Figure 3.. Regulation of extracellular and intracellular degradation pathways for CoA in the fed and fasted states

In the fed state, food-derived CoA is likely the main source of Pan, which is released in the bloodstream by the action of the extracellular degradation pathway in the intestine. The concentration of Pan in the blood is also regulated by urinary excretion. In the liver, feeding after a fast stimulates the intracellular degradation pathway to achieve a net decrease in total intracellular CoA levels, mainly driven by a decline in the concentration of free CoA. In the fasted state, systemic VNN1 levels raise considerably in the blood and this enzyme could be involved in the recycling of Pan released from damaged cells or exocytosis.

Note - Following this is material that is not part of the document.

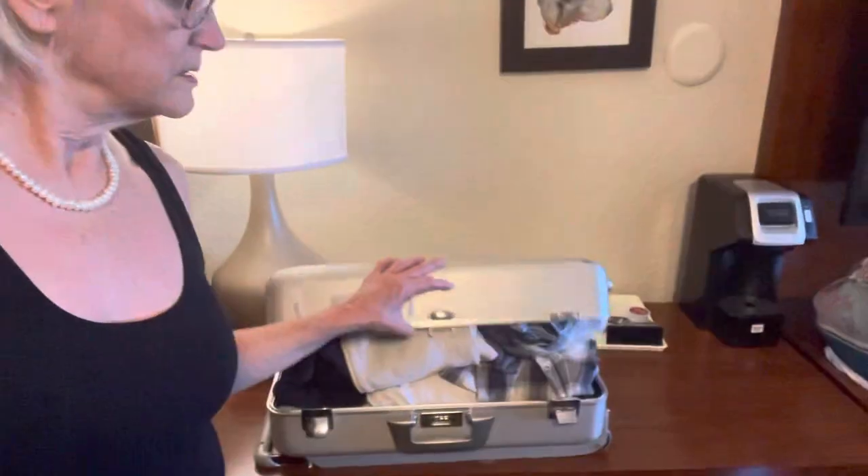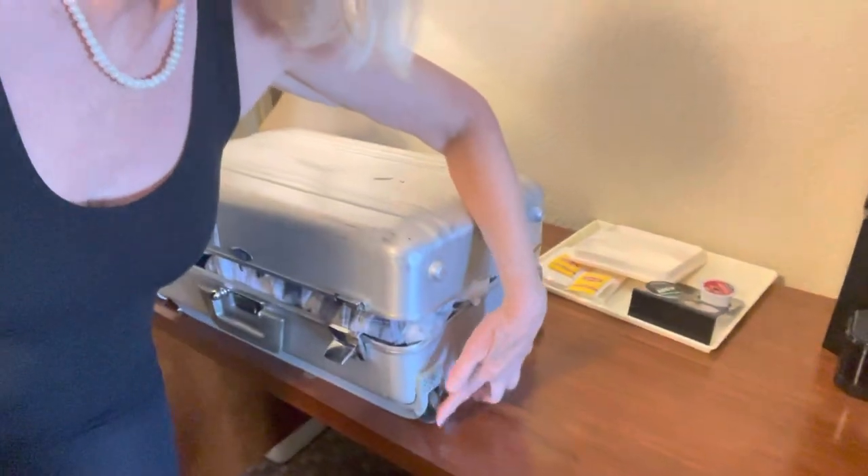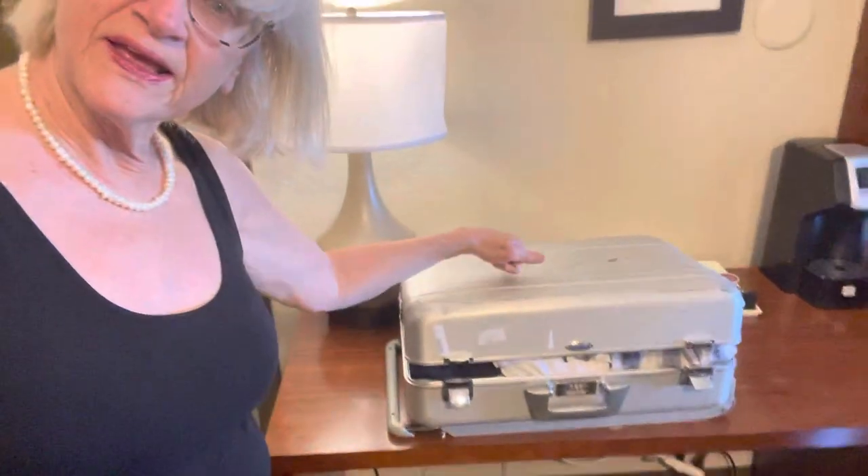This is my main suitcase. It's a Zero Halliburton — I've had it for 35 years, and I did get it repaired once. It has really good wheels and a lock. You can get them on Amazon, used, but I got mine new 35 years ago — actually, I think it was longer. It's aluminum, and you can take it as carry-on. So that's my main thing.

Another source of Pan is the microbiota. The contribution of recycled cellular content and microbiota to the circulating levels of Pan is currently unknown (dotted lines). Supported by decreased urinary excretion, Pan levels in the blood increase in the fasted state, making more substrate available for the increase in CoA synthesis observed in the liver. Concurrently, hepatic NUDT7 expression decreases. While NUDT8 levels remain unchanged with fasting and feeding, other mechanisms (allosteric and/or post-translational regulation) could modulate the activity of this mitochondrial enzyme, which would be expected to be higher in the fed state compared to the fasted state.